Defendant also contends that the nondisclosure was “tantamount to denying the defendant his sixth amendment right to the effective assistance of counsel. ” Such argument is patently without merit and affords no basis for reversal.
Defendant argues that he was denied a fair trial because, according to him, the trial court abandoned impartiality and assumed the rule of prosecutor. Specifically, he contends that the trial court improperly (1) restricted his cross-examination of a State’s witness who testified regarding conditions at the premises in question; (2) characterized the testimony of this witness during direct examination; and (3) admitted State’s evidence not qualified as a business record.
The record shows that the trial court properly denied defendant’s cross-examination of a State’s witness regarding his knowledge of specific provisions of the Chicago Building Code. Such cross-examination sought irrelevant information and was properly barred by the trial court. See People v. Rudi (1981), 94 Ill. App. 3d 856, 860, 419 N.E.2d 646.

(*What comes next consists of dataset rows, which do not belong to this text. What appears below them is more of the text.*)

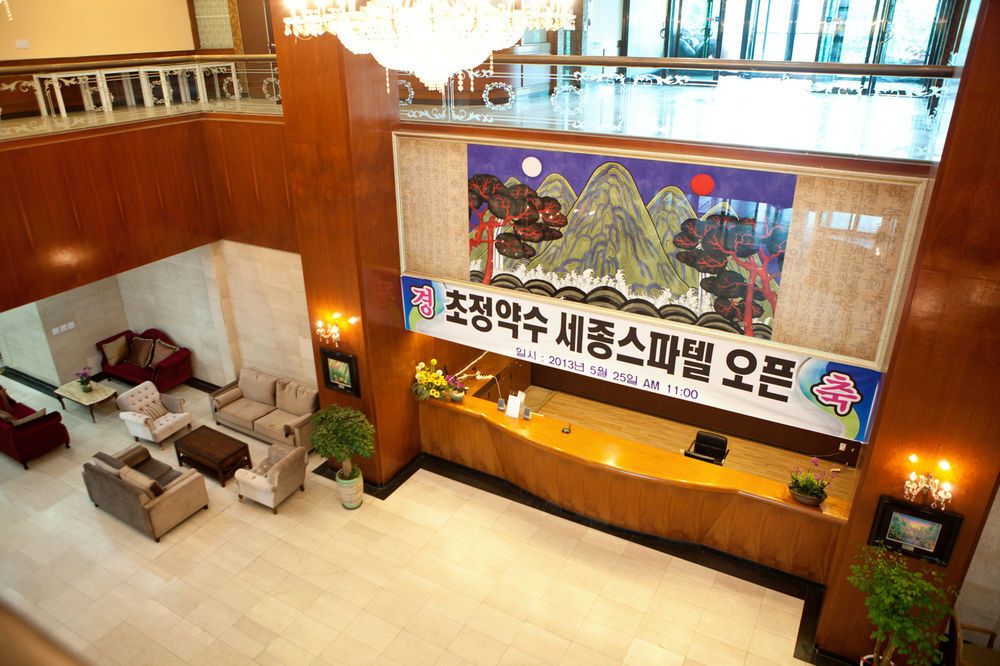기타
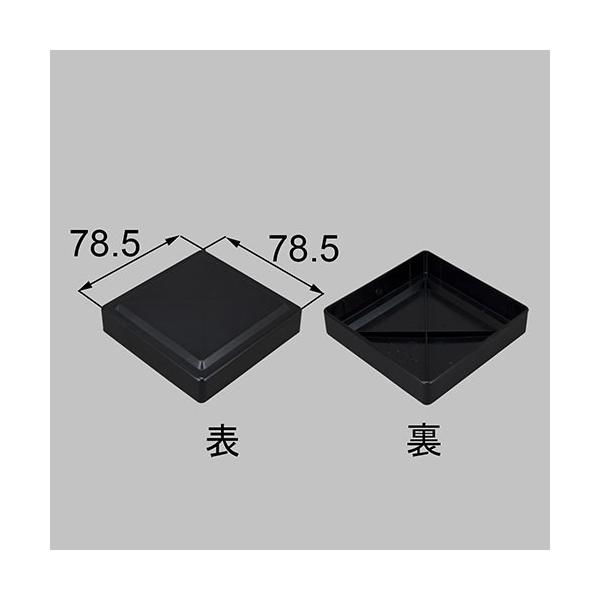  LIXIL TOEX ܂  75p R^和Lbv ubN KBS31031A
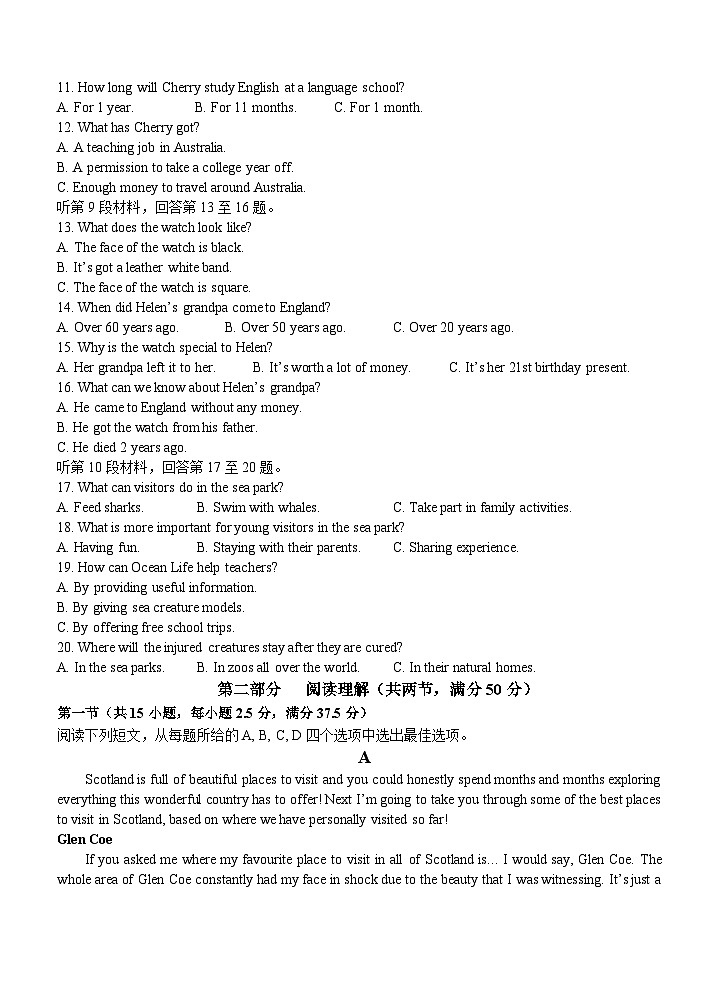 陕西省宝鸡市金台区2024-2025学年高二上学期期中联考英语试题第2页
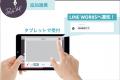 タブレット入退室管理システム「ReClip（れくりっぷ）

Defendant’s claim that the trial court “characterized the testimony of the State’s witness in a manner denoting partiality on the part of the trial court” is also without foundation. Where a case is tried without a jury, the danger of prejudice from questions by the court is lessened. (People v. McCommon (1979), 79 Ill. App. 3d 853, 868, 399 N.E.2d 224.) Here the judge merely attempted to clarify some details in the witness’ testimony regarding the conditions of the premises and related matters, which were in any event corroborated by properly admitted photographic evidence. Our review consequently discloses no impropriety on the part of the trial court. See People v. Hughes (1984), 121 Ill. App. 3d 992, 1000-01, 460 N.E.2d 485.

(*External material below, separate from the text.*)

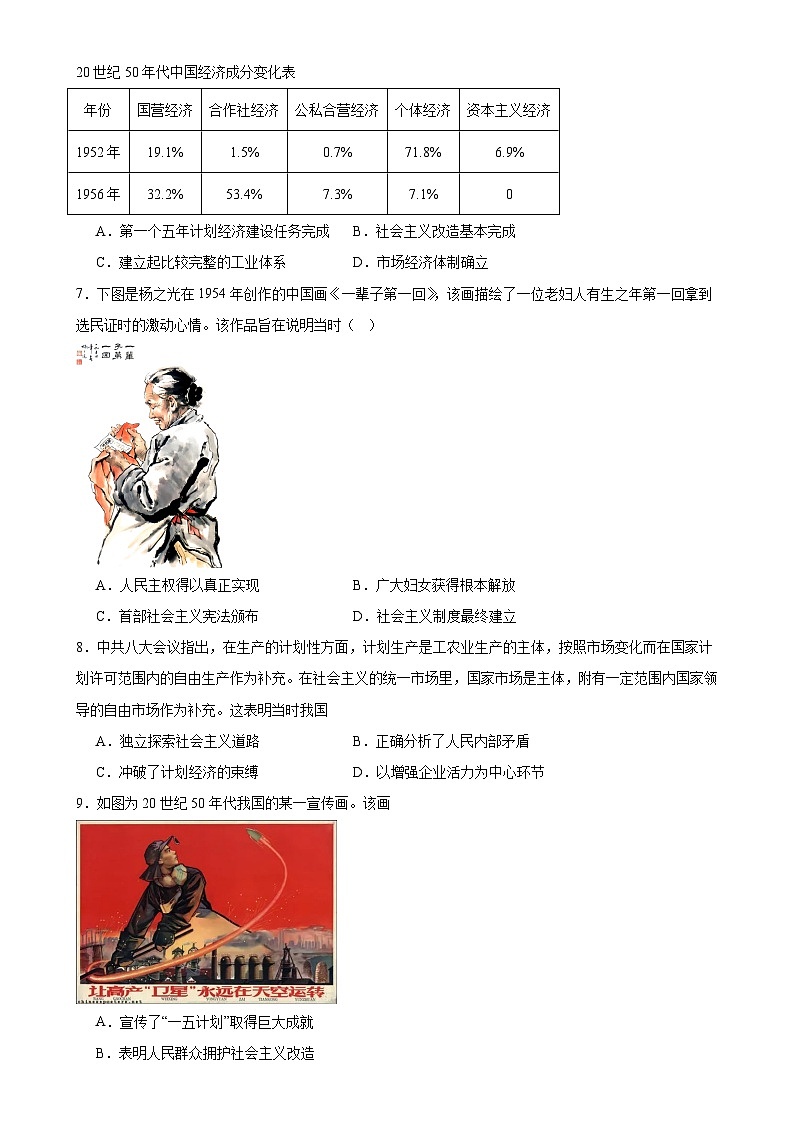 浙江省宁波中学2024-2025学年高一上学期12月月考历史试卷-A4第2页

In addition, defendant’s argument that the trial court erroneously *762permitted into evidence a trust agreement and an assignment of beneficial interest regarding the subject premises is also without foundation. The record establishes that a land trust officer for the bank named as trustee of the land trust testified that both documents were made in the regular course of business and that it was the regular course of business to make such records. Consequently, the evidence was properly admitted into evidence. See Ill. Rev. Stat. 1981, ch. 38, par. 115 — 5(a); People v. Lewis (1977), 52 Ill. App. 3d 477, 484, 367 N.E.2d 710.
Defendant argues that the trial court improperly quashed a pretrial subpoena duces tecum which he sought to enforce against one of the State’s witnesses in order to compel his production of a report authored by the witness. Such evidence was not subject to pretrial discovery by the defendant. (People v. Elbus (1983), 116 Ill. App. 3d 104, 451 N.E.2d 603; Ill. Rev. Stat. 1981, ch. 38, pars. 114-9, 114-10.) Furthermore, the record indicates that the defendant failed to make the showing necessary to warrant the issuance of such a subpoena. See United States v. Nixon (1974), 418 U.S. 683, 41 L. Ed. 2d 1039, 92 S. Ct. 3090; People v. Cannon (1984), 127 Ill. App. 3d 663, 665, 469 N.E.2d 375.

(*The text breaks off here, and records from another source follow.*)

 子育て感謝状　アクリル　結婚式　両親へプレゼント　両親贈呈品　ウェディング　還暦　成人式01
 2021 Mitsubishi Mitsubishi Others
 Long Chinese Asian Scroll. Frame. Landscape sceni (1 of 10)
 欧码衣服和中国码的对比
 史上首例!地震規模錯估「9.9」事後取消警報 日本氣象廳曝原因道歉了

Lastly, defendant argues that he was not found guilty beyond a reasonable doubt of the charges of reckless conduct and criminal housing management.
The sufficiency of evidence adduced at trial is a matter to be determined by the trier of fact. (People v. Yates (1983), 98 Ill. 2d 502, 524, 456 N.E.2d 1369, cert. denied sub nom. Williams v. Illinois (1984), 466 U.S. 981, 80 L. Ed. 2d 836, 104 S. Ct. 2364.) A reviewing court will not disturb its determination unless the evidence of guilt is so unreasonable or unsatisfactory that this creates a reasonable doubt of defendant’s guilt. (People v. Bartall (1982), 98 Ill. 2d 294, 308, 456 N.E.2d 59.) It is neither the duty nor the privilege of a reviewing court to substitute its judgment as to the weight of the disputed evidence or the credibility of witnesses for that of the trier of fact who heard the evidence and observed the demeanor of the witnesses. People v. Kosik (1982), 110 Ill. App. 3d 930, 938, 443 N.E.2d 238.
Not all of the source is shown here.